**SUPPLIED ENTRIES:**
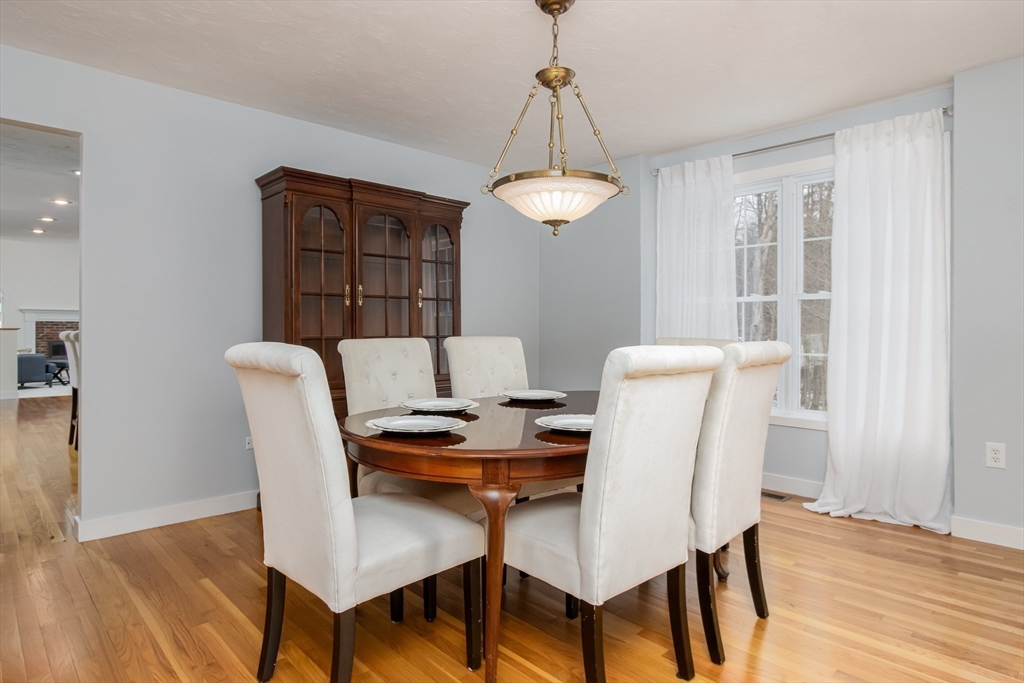 1 Integrity Way Groton, MA 01450 - Photo 12 of 36 a view of a dining room with furniture wooden floor and chandelier
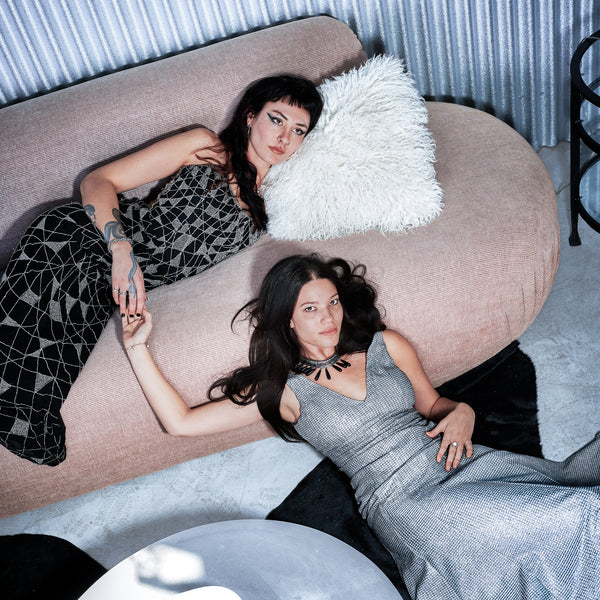 Two women lying on a pink couch with a white pillow.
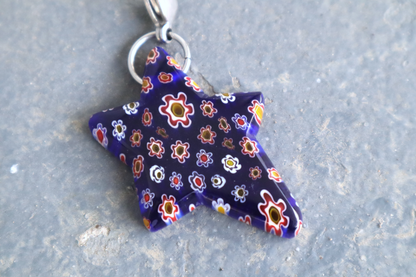 Star-shaped blue pendant with white, yellow and red flower patterns. A silver clasp is attached to the top of the pendant, resting on a gray surface.
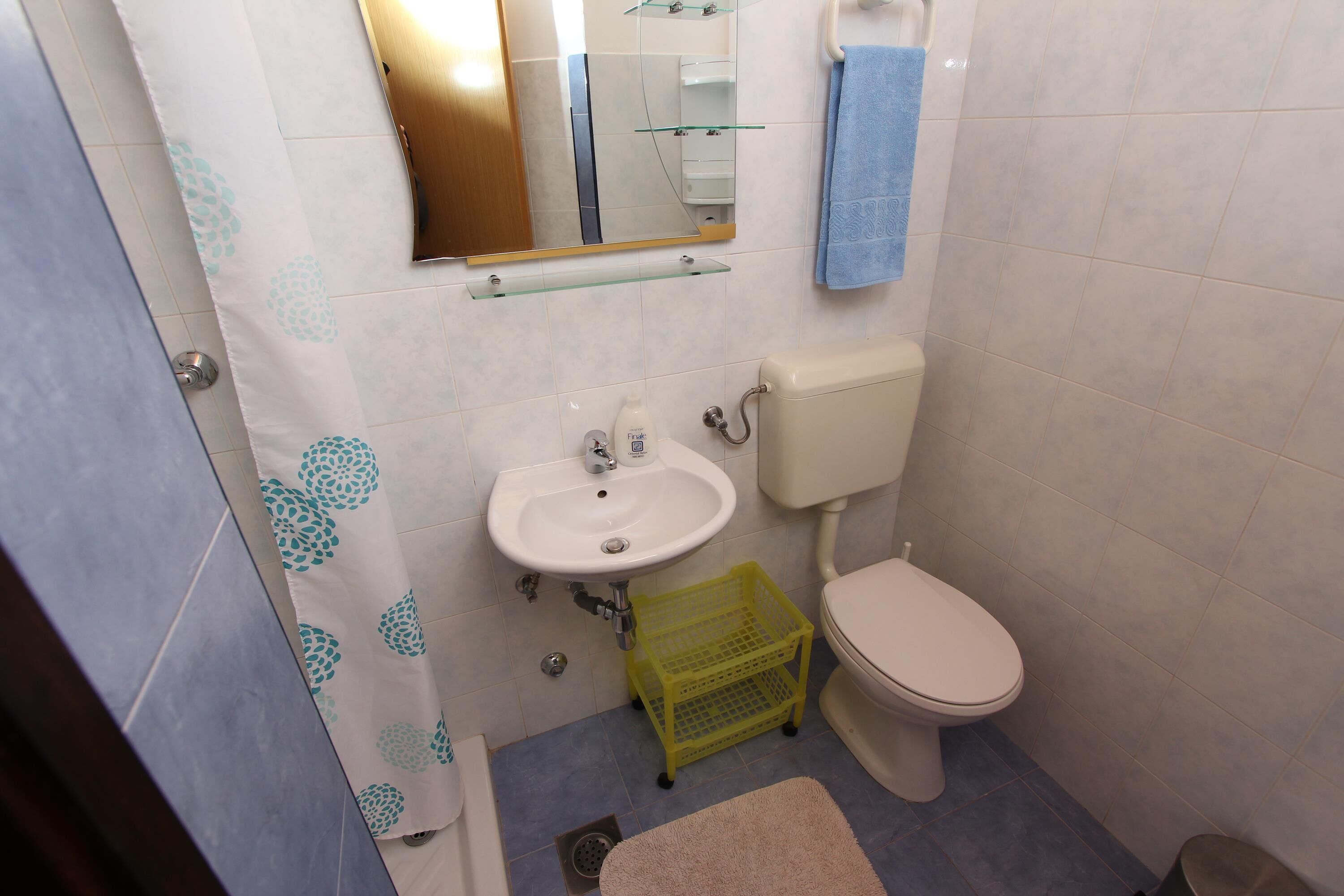 A small bathroom with a sink, toilet, and a mirror.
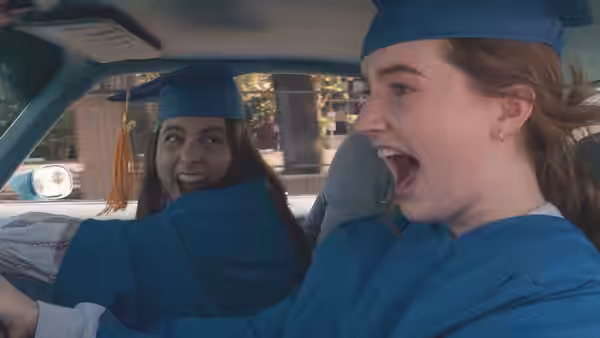 Molly (Beanie Feldstein) drives a car in graduation gown mouth open while Amy (Kaitlyn Dever) looks back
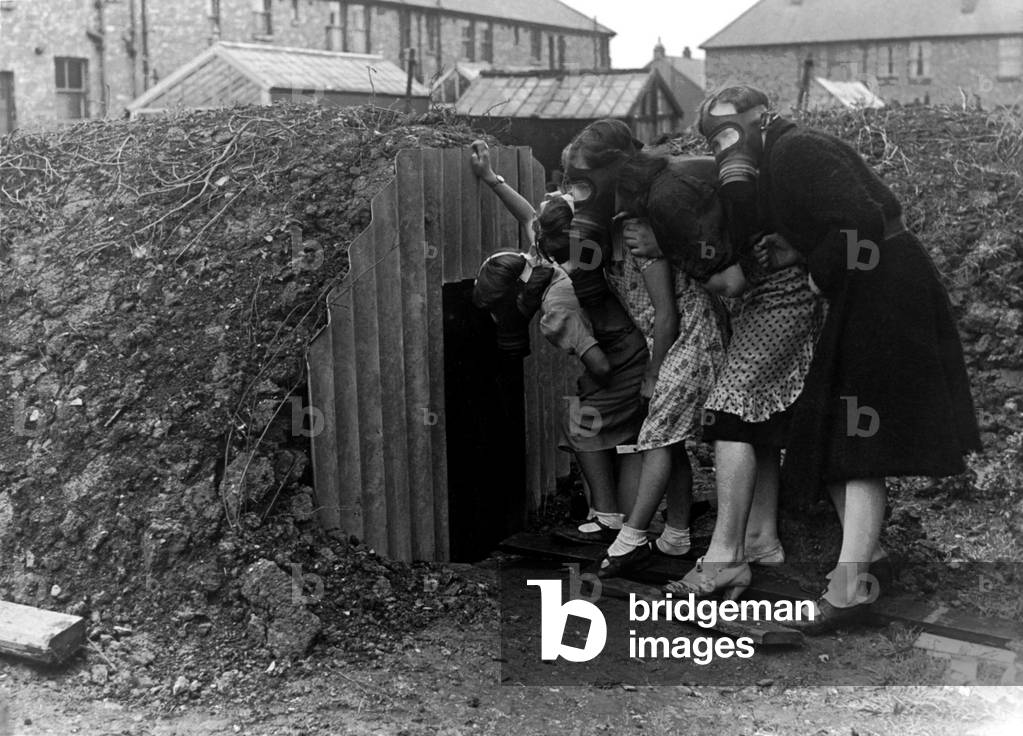 A family wearing gas masks go into an Anderson air raid shelter during the Second World War, 4th September 1939 (b/w photo)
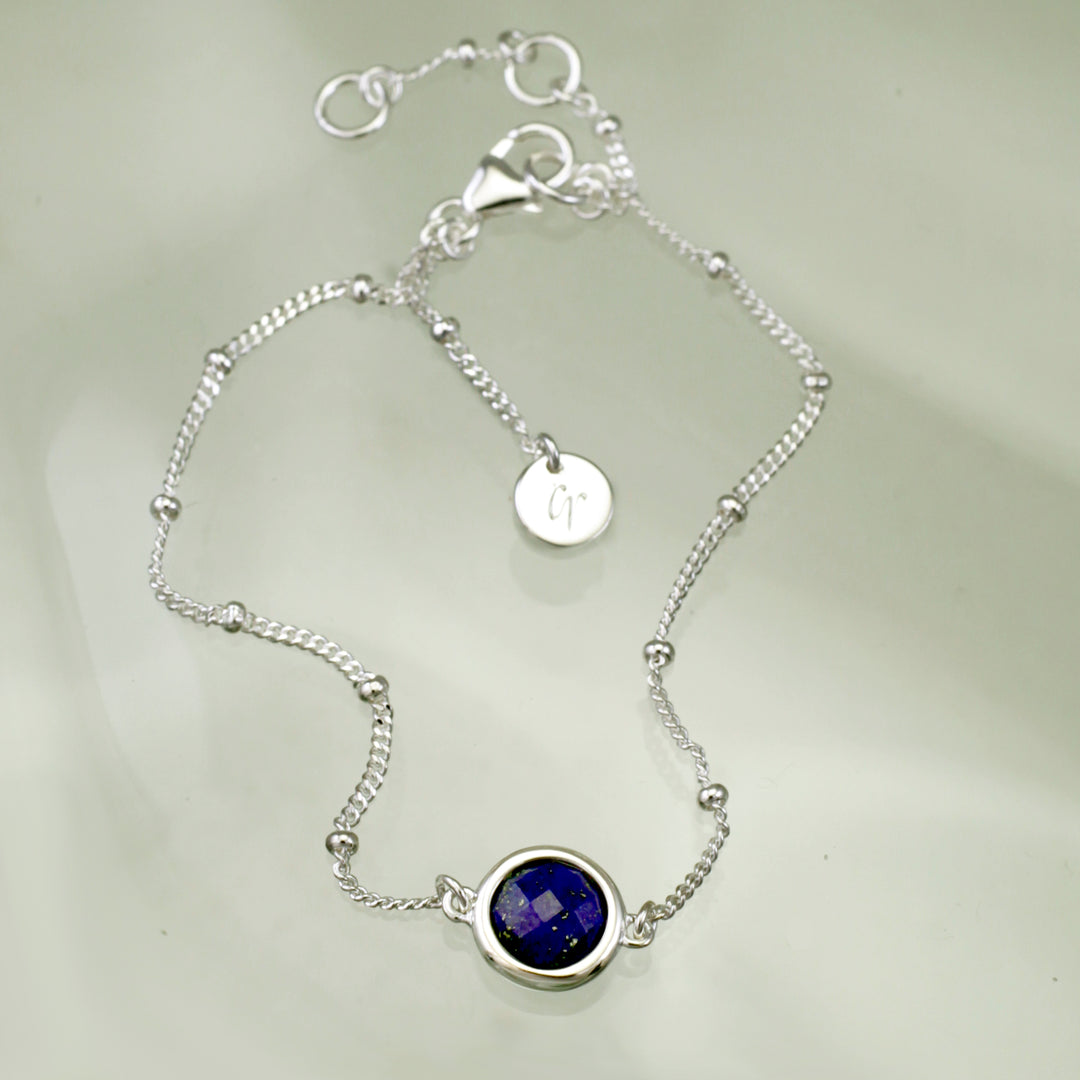 Sterling silver beaded chain bracelet with lapis lazuli on a reflective background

**WHAT IS EXPECTED:** What is wanted is an exact copy of the lines above from the one containing "A small bathroom" through the one containing "A family wearing", with no pictures in it.

**EXERCISE RESPONSE:**
 A small bathroom with a sink, toilet, and a mirror.
 Molly (Beanie Feldstein) drives a car in graduation gown mouth open while Amy (Kaitlyn Dever) looks back
 A family wearing gas masks go into an Anderson air raid shelter during the Second World War, 4th September 1939 (b/w photo)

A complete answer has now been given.